> _RECORDED DATA_:

━━━━━━━━━━

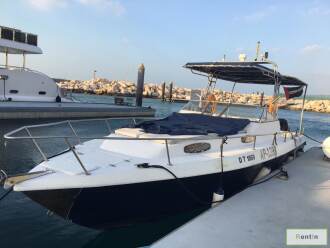 The Speed Boat Barca for rent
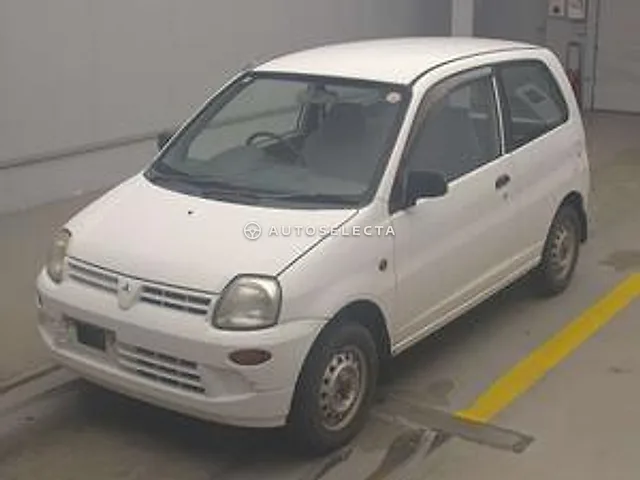 Mitsubishi Minica 2000, auction grade 3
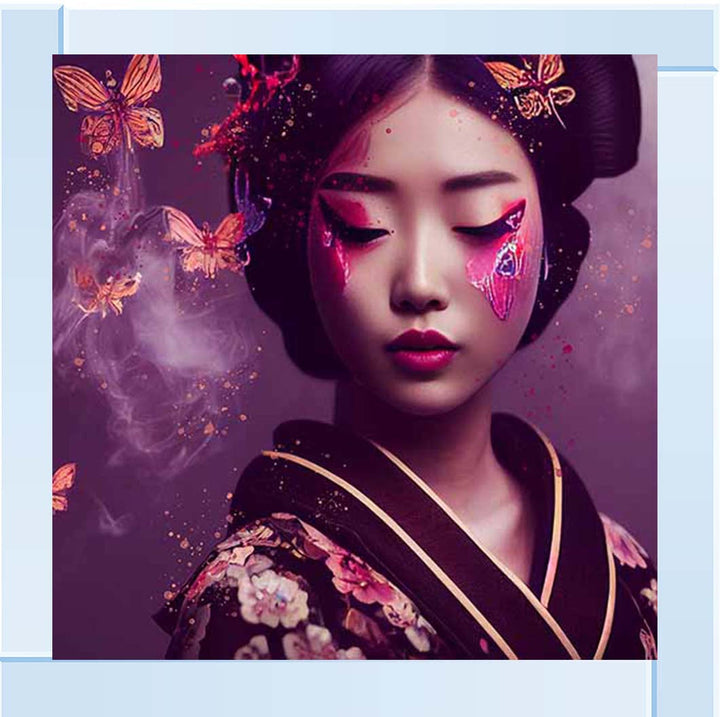FG981 Japanese Geisha ||
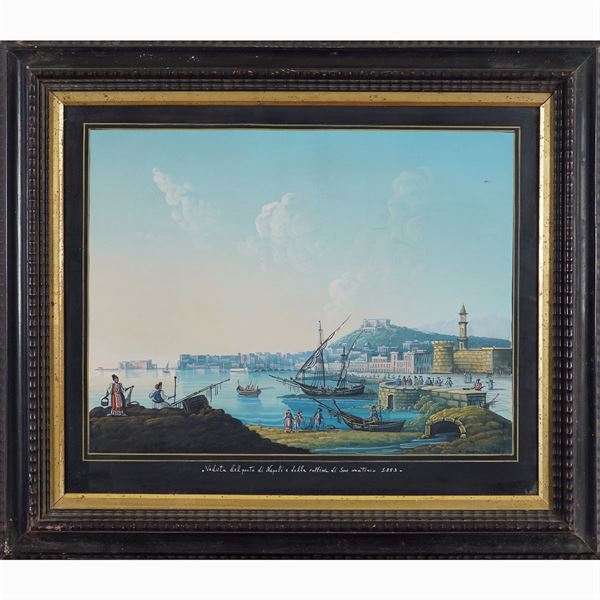 Neapolitan school  (19th - 20th century)  - Auction Fine Art From a Tuscan Property - Colasanti Casa d'Aste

━━━━━━━━━━

> _WORK ITEM_: Every line above should be transcribed word for word; leave the pictures out.

> _OUTPUT FOR THIS TASK_:
 The Speed Boat Barca for rent
 Mitsubishi Minica 2000, auction grade 3
FG981 Japanese Geisha ||
 Neapolitan school  (19th - 20th century)  - Auction Fine Art From a Tuscan Property - Colasanti Casa d'Aste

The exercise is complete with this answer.